Everything seems to cost more these days — including airfare.
Indeed, last month, airfare was nearly 20 percent higher than it was in January 2022, according to the Consumer Travel Index – Q1 2023 conducted by Hopper, the travel pricing app. Interestingly, despite the increase, airfare was still around 6 percent less than it was for the same period in the pre-pandemic year of 2019.
The bad news for travelers on a budget, the Consumer Travel Index notes, is that the price of domestic airfare will continue rising modestly this month before accelerating this spring and early summer. Then, in mid-summer, the cost of domestic airfare will decrease again, Hayley Berg, lead economist at Hopper, wrote in the report.
“Though prices are expected to remain lower than 2022 levels for late spring and summer, airfare is expected to be higher than pre-pandemic levels, as costs remain high and demand continues to outstrip airline capacity,” Berg wrote.
When To Book Airfare
The average cost of domestic airfare will rise slightly to $277 this month, before increasing through spring and early summer.

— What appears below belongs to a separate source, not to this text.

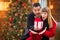 Ecstatic Mixed Race Couple Sharing Christmas In Front of Decorated Tree.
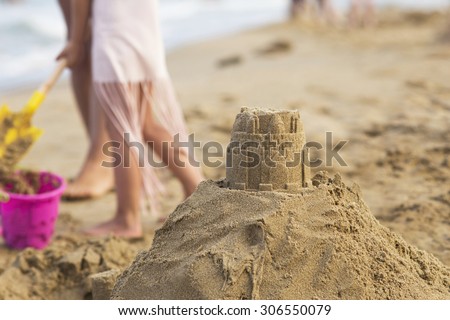 Sand tower and children building sand castle in the background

The peak will be in May, when the average domestic airfare is expected to be just under $350 per ticket. That figure, by the way, will be 11 percent lower than airfare from May 2022, when the average cost of domestic airfare was around $400, Berg explains.
Specifically, domestic airfare will rise to $277 this month, before jumping to $308 in March, $326 in April, and finally peaking at $348 in May, according to Hopper. After that, the average domestic airfare is expected to decline slightly to $341 in June before dropping to $318 in July.
Why Airfare Remains High
There are three main factors behind the high cost of airfare.
First, of course, demand is surging.
“Demand for travel continues to surge post-pandemic, with 96 percent of Hopper users claiming they plan to take at least one trip in 2023,” Berg wrote in the report. “Sustained strong demand into 2023 will put additional pressure on prices, especially to and within regions where travel has only recently reopened like parts of Asia.”
Secondly, airline capacity is still constrained.
On the one hand, domestic seat capacity in January was higher than it was in January 2019 by about 6 percent, Berg explains. One reason for that increase is that airlines have increased capacity by replacing smaller planes with larger jets to meet demand with a decreased number of flights.
However, passenger demand still outstrips airlines’ seat capacity.
Finally, airlines struggle with the increasing cost of jet fuel.
“Jet fuel prices were already high in early 2022 as a result of supply constraints worldwide when the Russian invasion of Ukraine and resulting supply uncertainty put immense upward pressure on prices,” Berg wrote. “Today, jet fuel prices are at the highest levels seen since 2008 and are averaging $3.75 per gallon, an increase of more than 51 percent compared to January 2022 and twice the price in January 2019.”
Furthermore, jet fuel prices are likely to continue climbing as passenger demand itself continues to rise. That demand was further boosted by high numbers of Chinese travelers who recently journeyed to celebrate Lunar New Year as well as the skyrocketing number of Chinese who are resuming travel now that the country’s COVID-19 travel restrictions have been lifted, according to The Wall Street Journal.
The cost of jet fuel accounts for somewhere between 15 and 30 percent of an airline’s operating costs, Berg notes. Consequently, airlines will be pressured to maintain higher airfares so they can, in turn, compensate for their higher operating costs driven by the price of jet fuel.